Musqueam Chief Wayne Sparrow said the band has closed its two golf courses, marina, sports fields and longhouse to adhere to provincial orders prohibiting gatherings.

Sparrow said he was proud of his community members for taking the stay-home message seriously, with streets virtually empty except when people want to get some fresh air or travel for groceries.

“If everybody’s done what our community’s done, I think we’re going to come out of this [pandemic] a lot faster,” said the chief, who continues to conduct business through conference calls.

Sparrow estimated 20 per cent of band members on the reserve are elders, some with health issues. He’s keenly aware the deaths from COVID-19 in B.C. have largely involved people 70 years old and older.

“Our elders have been there for us in the past, and helping us and guiding us, and now it’s our turn to return the favour and make sure they’re as safe as possible,” the chief said.

Musqueam member Wade Grant said he too was worried about the band’s elders, noting his parents — Wendy Grant-John and Howard Grant — are both in their 70s.

“Those are our knowledge keepers,” Grant said by telephone Wednesday.

“If we lose them, we lose the connections we have.
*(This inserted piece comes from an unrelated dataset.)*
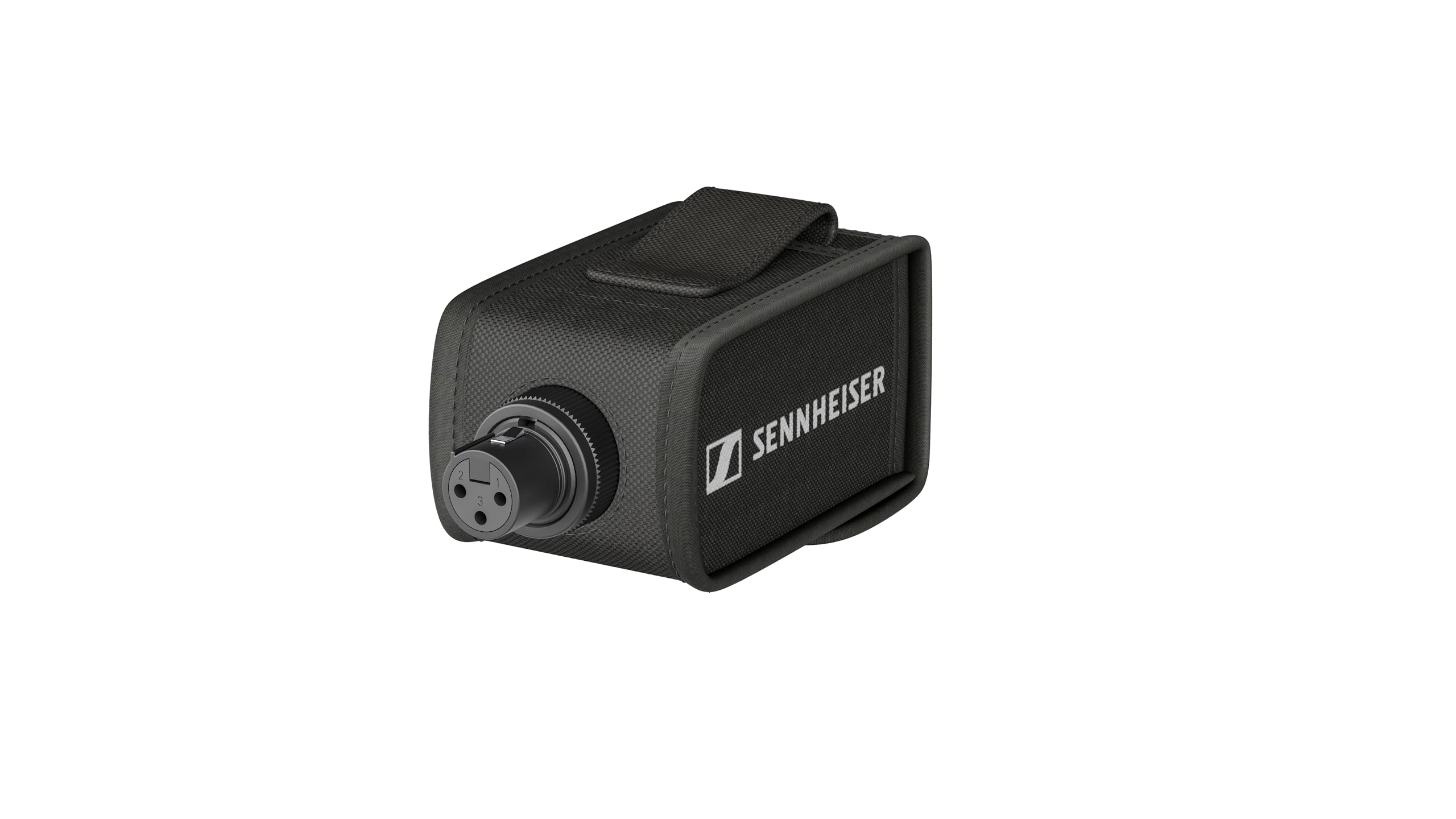 Premium Sennheiser EW - DP SKP Protective Storage Pouch Specially Designed for EW - D SKP Plug - on Transmitter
That’s something that really resonates with all First Nations. We’re trying to revitalize our culture, revitalize our language, and the only way to do that is communicate and record what we have from our elders.”

Grant is a member of the First Nations Health Council and learned Wednesday there had been no reports from First Nations in B.C. of members testing positive for the virus.

Still, he added, the pandemic is a reminder of the devastation that disease can have on an Indigenous community, with the smallpox epidemic in the 1800s killing thousands of Indigenous people in B.C.

He echoed what Paul said about the velocity of the virus.

“We’re within in a two-minute walk of our farthest cousin, and because our community is so small, the virus could spread faster than the outside population,” Grant said.

Grant is at home with his two primary school-aged children, where they are participating in electronic learning set up by their school.

Grant and his family, along with other Musqueam members, have also participated nightly in the growing chorus across Vancouver of people celebrating health care workers.

But Grant has added a twist to the cheering and banging of drums. His children choose four rock songs that could potentially be played at the designated cheer time at 7 p.m.

He then posts the selections to Twitter and Facebook to poll his friends and followers.

“Last night it was Kung Fu Fighting, and tonight it looks like Sweet Caroline — it’s got a massive lead right now,” said Grant, who also used Twitter this week for an April Fools’ joke that had Mayor Kennedy Stewart returning all of Vancouver back to Musqueam.

The checkpoints, meanwhile, are expected to stay up indefinitely, as coronavirus cases continue to climb. As of Thursday, 1,121 people in B.C. had tested positive for COVID-19 and 31 had died.